Over the last two weeks Nortel staff have been learning whether they have a future with the company as the process of integrating the vendor into its new owner Avaya proceeds.
The fate of Australian employees has been uncertain since Avaya emerged as the winning bidder for the embattled Nortel enterprise business in August.
"From a staff point of view I obviously can't give numbers but the process of offering staff roles and getting them ready to move over to the new company has started," Rick Seeto, who was announced as the head of Nortel’s enterprise business in Australia and New Zealand in August, said. "That has been running for the last couple of weeks now. I think generally staff are excited by the fact it is moving and they can see what the future ahead will be. That is for those getting offers and for those not getting offers they at least know how to plan going forward."
Seeto would not expand on what percentage of staff would be given offers at the Avaya / Nortel entity and said the new leaders would be announced after the deal was closed.
At the time Avaya's winning bid was announced, Seeto said he planned to inform employees of their fate by mid-October. However, due to the process of integrating the two companies – which Seeto stressed is progressing as planned while the deal is still set for mid-December approval – announcements on the employees' future were delayed to mid-November.

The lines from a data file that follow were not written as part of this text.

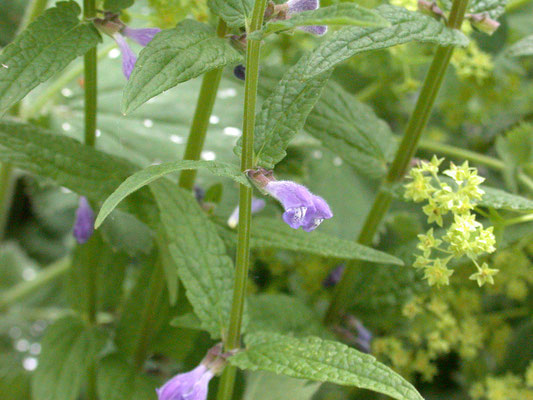 Scutellaria galericulata - Blauw glidkruid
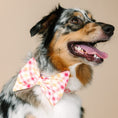 Load image into Gallery viewer, Lottie Dog Babe Bow
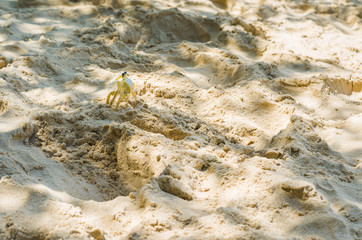 Siri caminhando na areia da praia
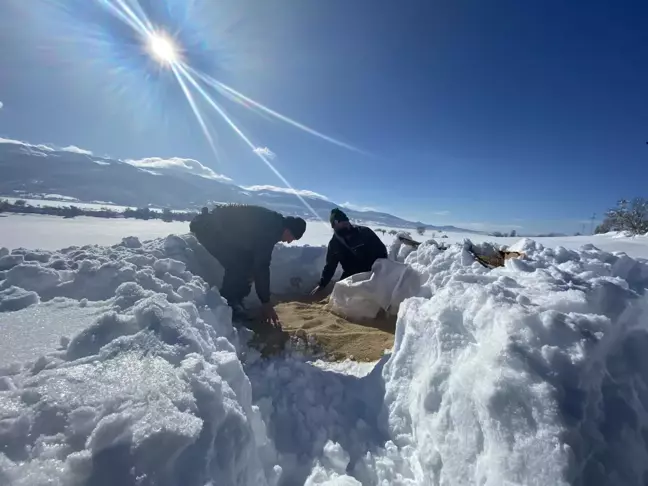 Yaban hayvanları için doğaya 4 ton yem bırakıldı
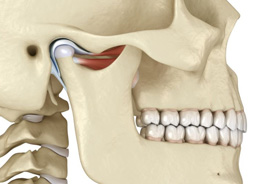 Illustration of temporomandibular joint
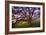 Majestic Wild Oak, Petaluma, California-null-Framed Photographic Print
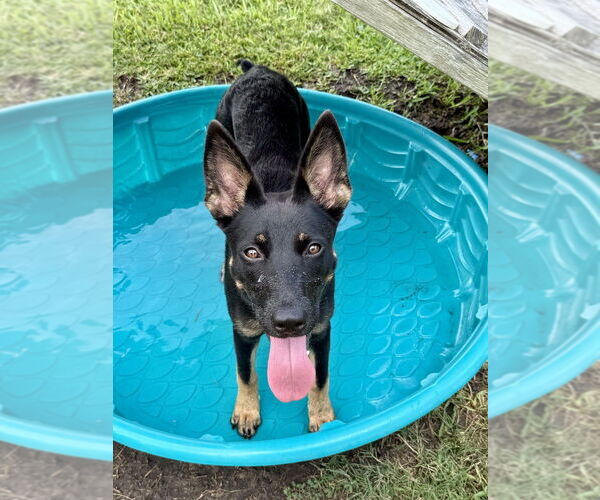 Medium Photo #2 German Shepherd Dog-Unknown Mix Puppy For Sale in San Leon, TX, USA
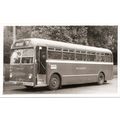 Black & White Photograph of Wilts & Dorset Moto...
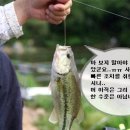 안국지 이미지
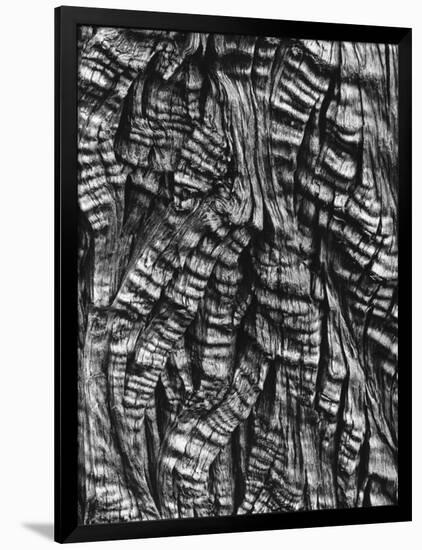 Tree Bark, c. 1950-Brett Weston-Framed Photographic Print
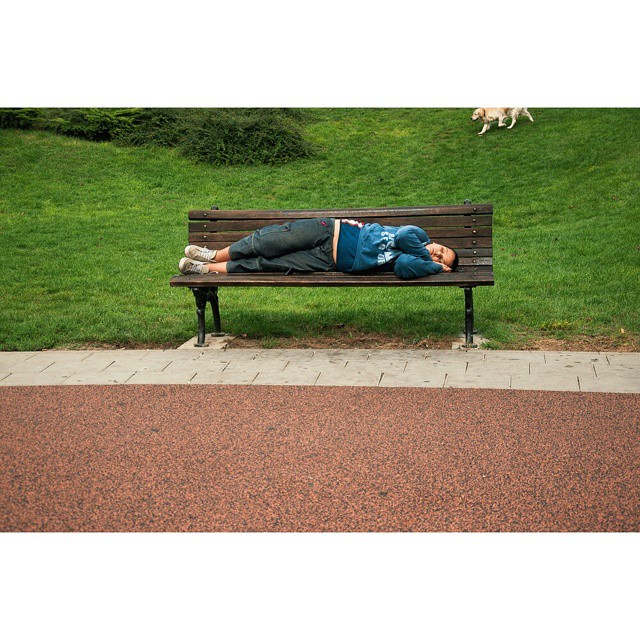 A person is lying on a park bench in a green setting on a relaxing day.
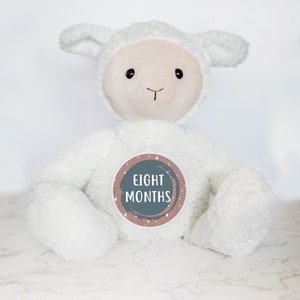 Tarjetas intercambiables con hitos mensuales personalizados para bebés, hitos del bebé, anuncio de bebé personalizado, peluche de cordero personalizado para bebé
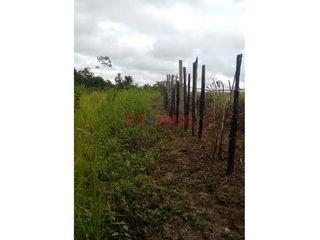Foto 7 de Area: 33 Hectáreas mas 9,450 m2

Este terreno esta ubicado a la altura del Km14.200 C.Federico Basadre, a media km de la Cerveceria San Juan de Puca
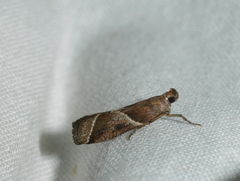 Nyctegretis lineana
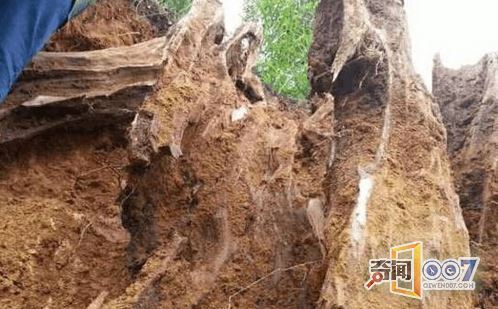 农民田里锄地挖到异物,刨出来后乐坏了! 农民田里锄地挖到异物,刨出来后乐坏了!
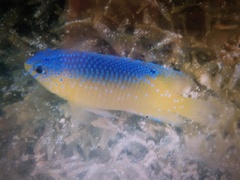 Stegastes leucostictus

The deal is expected to close later this year and is subject to court approvals in the US, Canada, France and Israel as well as regulatory approvals, other customary closing conditions and certain post-closing purchase price adjustments. Globally, the vendor has appointed Deloitte Touche Tohmatsu to prepare a plan to integrate the companies.
Nortel’s troubles were crystallised in January when it filed for Chapter 11 in US bankruptcy court and subsequently went through rounds of staff cuts and selling off business units. Since the announcement there have been 5000 global layoffs, including in Australia, reducing Nortel's work force by 16 per cent, from about 30,000 to 25,000. The company will not provide a figure for the number of staff it has in Australia.
At the start of 2008 the vendor had a work force of 473 staff according to its filings to the Australian Securities and Investment Commission. It is understood this figure has reduced significantly since the company hit trouble and the economic downturn started to bite.
In its most recent financial reporting, Nortel reported a net loss in the third quarter of 2009 of $508 million compared to net loss of $3.4 billion in the same period in 2008.